DESCRIPTION (provided by applicant): Our overall goal is to understand the physiological consequences of global cerebral hypoxia, and how failure of the normal homeostatic mechanisms progresses to disease. To address this, it is first necessary to define the normal physiological responses to cerebral hypoxia. Cerebral hypoxia is the outcome of many disease processes (pulmonary, cardiac, cerebrovascular), and thus to investigate cerebral homeostasis mechanisms to hypoxia per se, it is important to examine them in isolation from potentially coexistent multi-system disease. In this proposal we use altitude-induced hypoxia (Acute Mountain Sickness - AMS) as a model system of isolated sustained hypoxia to study the normal physiological response mechanisms. This proposal draws hypotheses from traditional high altitude research and from functional MRI studies of cerebral physiology. We will experimentally test these existing models to explain the progression from hypoxic exposure to cerebral disease. Our specific aims are to measure the normal cerebral physiological response to acute (<6 hrs), short-term (2 days) and sustained (7 days) hypoxia (PIO2 = 90 Torr) in healthy individuals, and define the time-dependent physiologic response to hypoxia. Using MRI measurements of cerebral physiology (i.e. changes in CBF, CMRO2, CSF volume & edema) we will experimentally test individual components of the models. To systematically assess the time-course of the normal physiological responses, these measurements will be made over a range of acute and sustained hypoxic exposure. Measurements will be made in the same cohort of human subjects (encompassing AMS-susceptible andAMS-resistant individuals).

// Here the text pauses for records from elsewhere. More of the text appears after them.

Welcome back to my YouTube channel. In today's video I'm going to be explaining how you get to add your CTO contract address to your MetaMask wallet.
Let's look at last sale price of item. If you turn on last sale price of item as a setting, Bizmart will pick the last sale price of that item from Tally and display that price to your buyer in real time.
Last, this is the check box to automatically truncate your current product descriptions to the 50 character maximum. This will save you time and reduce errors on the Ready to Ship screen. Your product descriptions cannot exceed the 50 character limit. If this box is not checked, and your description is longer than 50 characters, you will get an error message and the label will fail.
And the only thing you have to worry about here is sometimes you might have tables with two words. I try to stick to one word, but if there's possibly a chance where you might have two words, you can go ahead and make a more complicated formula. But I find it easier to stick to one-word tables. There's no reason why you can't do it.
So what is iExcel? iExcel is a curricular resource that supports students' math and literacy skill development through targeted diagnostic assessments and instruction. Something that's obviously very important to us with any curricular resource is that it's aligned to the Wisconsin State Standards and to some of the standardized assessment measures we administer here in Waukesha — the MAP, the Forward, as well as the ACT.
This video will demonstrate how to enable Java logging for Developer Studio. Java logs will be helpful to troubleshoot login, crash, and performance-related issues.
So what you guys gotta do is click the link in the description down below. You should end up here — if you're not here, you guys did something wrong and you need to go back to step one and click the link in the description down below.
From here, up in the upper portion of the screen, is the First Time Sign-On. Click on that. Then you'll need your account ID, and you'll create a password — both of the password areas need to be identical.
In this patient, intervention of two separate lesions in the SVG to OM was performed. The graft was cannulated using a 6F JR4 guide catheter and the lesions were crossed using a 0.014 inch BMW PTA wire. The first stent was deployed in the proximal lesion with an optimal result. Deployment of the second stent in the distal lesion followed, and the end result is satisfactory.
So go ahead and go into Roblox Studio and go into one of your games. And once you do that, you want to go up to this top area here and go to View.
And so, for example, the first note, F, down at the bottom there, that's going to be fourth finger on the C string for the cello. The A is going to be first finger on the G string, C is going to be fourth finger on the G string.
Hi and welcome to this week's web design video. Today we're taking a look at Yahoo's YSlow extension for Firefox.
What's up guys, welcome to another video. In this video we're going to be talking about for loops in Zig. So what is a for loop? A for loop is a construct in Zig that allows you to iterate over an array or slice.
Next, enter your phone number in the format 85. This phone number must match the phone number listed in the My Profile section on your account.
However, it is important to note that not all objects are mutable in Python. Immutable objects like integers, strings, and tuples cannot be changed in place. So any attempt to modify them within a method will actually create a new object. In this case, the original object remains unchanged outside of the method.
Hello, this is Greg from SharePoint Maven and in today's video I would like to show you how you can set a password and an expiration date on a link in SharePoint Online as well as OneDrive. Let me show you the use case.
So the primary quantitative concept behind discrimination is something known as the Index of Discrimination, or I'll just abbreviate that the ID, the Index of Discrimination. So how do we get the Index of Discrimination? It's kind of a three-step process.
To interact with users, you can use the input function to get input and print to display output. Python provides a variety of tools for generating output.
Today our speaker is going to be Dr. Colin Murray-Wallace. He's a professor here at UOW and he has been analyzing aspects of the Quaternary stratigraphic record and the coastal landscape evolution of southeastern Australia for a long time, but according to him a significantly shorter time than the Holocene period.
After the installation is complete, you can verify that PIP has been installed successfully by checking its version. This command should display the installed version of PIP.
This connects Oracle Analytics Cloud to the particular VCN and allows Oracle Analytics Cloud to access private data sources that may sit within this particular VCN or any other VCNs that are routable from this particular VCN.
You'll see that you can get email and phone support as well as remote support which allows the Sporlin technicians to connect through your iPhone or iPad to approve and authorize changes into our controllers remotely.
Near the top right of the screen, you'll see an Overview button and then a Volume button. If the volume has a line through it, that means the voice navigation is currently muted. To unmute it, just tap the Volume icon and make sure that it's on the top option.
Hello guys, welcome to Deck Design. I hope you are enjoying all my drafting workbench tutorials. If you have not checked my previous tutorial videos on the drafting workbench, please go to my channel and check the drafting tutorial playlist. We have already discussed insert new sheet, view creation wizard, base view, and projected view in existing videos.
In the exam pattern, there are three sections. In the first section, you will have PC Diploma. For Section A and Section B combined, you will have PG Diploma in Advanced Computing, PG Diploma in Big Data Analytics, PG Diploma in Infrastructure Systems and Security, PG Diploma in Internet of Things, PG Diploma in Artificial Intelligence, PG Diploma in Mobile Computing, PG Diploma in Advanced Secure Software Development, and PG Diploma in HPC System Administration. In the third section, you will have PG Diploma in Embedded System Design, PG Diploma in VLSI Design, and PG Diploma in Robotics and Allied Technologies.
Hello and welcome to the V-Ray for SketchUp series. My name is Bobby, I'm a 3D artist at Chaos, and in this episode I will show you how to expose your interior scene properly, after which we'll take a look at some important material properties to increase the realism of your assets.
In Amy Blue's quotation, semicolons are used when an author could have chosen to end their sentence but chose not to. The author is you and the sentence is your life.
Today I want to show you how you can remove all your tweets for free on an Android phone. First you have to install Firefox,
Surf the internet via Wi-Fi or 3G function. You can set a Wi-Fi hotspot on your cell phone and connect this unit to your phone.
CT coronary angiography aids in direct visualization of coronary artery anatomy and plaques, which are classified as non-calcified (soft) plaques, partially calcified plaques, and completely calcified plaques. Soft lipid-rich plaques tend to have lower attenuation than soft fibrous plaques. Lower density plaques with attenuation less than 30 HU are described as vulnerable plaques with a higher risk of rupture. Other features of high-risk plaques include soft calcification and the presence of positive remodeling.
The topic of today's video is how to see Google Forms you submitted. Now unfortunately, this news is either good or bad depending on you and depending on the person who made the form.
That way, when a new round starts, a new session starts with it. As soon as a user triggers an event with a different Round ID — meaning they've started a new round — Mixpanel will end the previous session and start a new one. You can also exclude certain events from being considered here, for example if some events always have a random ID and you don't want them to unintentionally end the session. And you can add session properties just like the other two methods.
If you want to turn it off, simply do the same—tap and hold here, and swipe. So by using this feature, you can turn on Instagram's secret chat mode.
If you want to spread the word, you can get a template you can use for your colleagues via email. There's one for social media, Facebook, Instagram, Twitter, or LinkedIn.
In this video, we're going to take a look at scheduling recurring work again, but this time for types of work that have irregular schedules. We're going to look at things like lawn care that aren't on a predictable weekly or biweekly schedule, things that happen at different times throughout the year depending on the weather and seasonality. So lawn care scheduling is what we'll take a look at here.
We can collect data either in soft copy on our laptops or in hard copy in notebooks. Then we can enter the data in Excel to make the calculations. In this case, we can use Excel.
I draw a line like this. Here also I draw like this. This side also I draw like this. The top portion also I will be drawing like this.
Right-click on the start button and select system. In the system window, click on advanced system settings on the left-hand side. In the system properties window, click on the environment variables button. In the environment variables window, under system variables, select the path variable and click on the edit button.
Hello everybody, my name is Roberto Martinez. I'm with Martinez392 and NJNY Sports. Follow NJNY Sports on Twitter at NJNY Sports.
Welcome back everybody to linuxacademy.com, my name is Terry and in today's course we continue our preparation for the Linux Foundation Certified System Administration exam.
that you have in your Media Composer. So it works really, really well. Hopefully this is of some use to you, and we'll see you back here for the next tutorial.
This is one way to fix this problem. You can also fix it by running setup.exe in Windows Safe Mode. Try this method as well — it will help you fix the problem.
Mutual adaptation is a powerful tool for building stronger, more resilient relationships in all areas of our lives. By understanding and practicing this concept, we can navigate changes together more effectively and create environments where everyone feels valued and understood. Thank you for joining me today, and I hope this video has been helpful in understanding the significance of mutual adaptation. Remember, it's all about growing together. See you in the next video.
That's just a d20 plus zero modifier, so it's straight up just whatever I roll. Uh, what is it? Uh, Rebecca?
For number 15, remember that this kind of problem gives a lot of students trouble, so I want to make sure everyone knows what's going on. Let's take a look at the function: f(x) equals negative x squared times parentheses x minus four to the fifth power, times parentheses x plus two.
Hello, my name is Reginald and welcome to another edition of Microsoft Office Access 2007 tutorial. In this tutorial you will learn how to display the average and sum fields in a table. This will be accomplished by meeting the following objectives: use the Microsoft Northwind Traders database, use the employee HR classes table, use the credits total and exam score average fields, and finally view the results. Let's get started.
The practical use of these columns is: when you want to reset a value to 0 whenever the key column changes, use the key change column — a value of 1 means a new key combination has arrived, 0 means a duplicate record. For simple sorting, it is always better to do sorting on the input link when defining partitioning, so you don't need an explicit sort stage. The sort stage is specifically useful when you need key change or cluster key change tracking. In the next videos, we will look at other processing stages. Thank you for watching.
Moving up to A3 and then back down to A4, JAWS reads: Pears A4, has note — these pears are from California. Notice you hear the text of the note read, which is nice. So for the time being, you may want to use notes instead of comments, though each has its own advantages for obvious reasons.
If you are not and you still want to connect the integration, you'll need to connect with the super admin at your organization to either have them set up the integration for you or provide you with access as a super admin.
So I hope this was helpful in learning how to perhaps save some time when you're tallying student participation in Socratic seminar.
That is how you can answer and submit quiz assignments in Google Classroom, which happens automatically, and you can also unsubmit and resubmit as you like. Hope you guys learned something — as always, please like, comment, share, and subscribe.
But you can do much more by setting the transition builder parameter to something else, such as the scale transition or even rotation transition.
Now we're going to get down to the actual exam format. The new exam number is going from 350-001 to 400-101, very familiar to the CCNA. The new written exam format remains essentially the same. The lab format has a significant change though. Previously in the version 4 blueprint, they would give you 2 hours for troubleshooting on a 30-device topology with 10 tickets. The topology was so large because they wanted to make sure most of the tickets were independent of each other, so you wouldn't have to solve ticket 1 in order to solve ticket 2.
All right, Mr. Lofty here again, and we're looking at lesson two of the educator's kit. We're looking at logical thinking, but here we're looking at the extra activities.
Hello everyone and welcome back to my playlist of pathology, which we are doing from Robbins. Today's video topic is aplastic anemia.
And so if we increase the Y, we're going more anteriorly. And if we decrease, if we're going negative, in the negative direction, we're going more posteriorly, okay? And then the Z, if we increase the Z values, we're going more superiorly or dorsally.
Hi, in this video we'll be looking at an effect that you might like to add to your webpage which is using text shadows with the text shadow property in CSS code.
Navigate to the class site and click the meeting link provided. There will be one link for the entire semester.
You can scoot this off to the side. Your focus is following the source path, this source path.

These studies will provide a comprehensive picture of the cerebral physiological responses to hypoxia, and why some individuals are better able to acclimatize to low oxygen levels-we will establish a basis for understanding why patients with disease respond differently to hypoxia. Designing appropriate clinical interventions to treat chronic cerebral hypoxic decline hinges on such a comprehensive understanding.

描述（由申请人提供）：我们的总体目标是了解全脑缺氧的生理后果，以及正常稳态机制的失败如何发展为疾病。为了解决这个问题，首先有必要确定脑缺氧的正常生理反应。脑缺氧是许多疾病过程（肺、心、脑血管）的结果，因此为了研究脑缺氧自身的稳态机制，重要的是将它们与潜在共存的多系统疾病分开检查。本研究以高原缺氧（Acute Mountain Sickness，AMS）为模型系统，研究高原缺氧的正常生理反应机制。该建议从传统的高海拔研究和脑生理学的功能性MRI研究中得出假设。我们将通过实验测试这些现有的模型来解释从缺氧暴露到脑疾病的进展。我们的具体目标是测量健康个体对急性（<6小时）、短期（2天）和持续（7天）缺氧（PIO 2 = 90 Torr）的正常脑生理反应，并定义对缺氧的时间依赖性生理反应。使用脑生理学的MRI测量（即CBF，CMRO2，CSF体积和水肿的变化），我们将通过实验测试模型的各个组件。为了系统地评估正常生理反应的时程，将在急性和持续低氧暴露的范围内进行这些测量。将在同一组人类受试者（包括AMS敏感和AMS耐药个体）中进行测量。这些研究将提供大脑对缺氧的生理反应的全面图景，以及为什么有些人能够更好地适应低氧水平，我们将建立一个基础，了解为什么疾病患者对缺氧的反应不同。设计适当的临床干预措施来治疗慢性脑缺氧下降取决于这样一个全面的理解。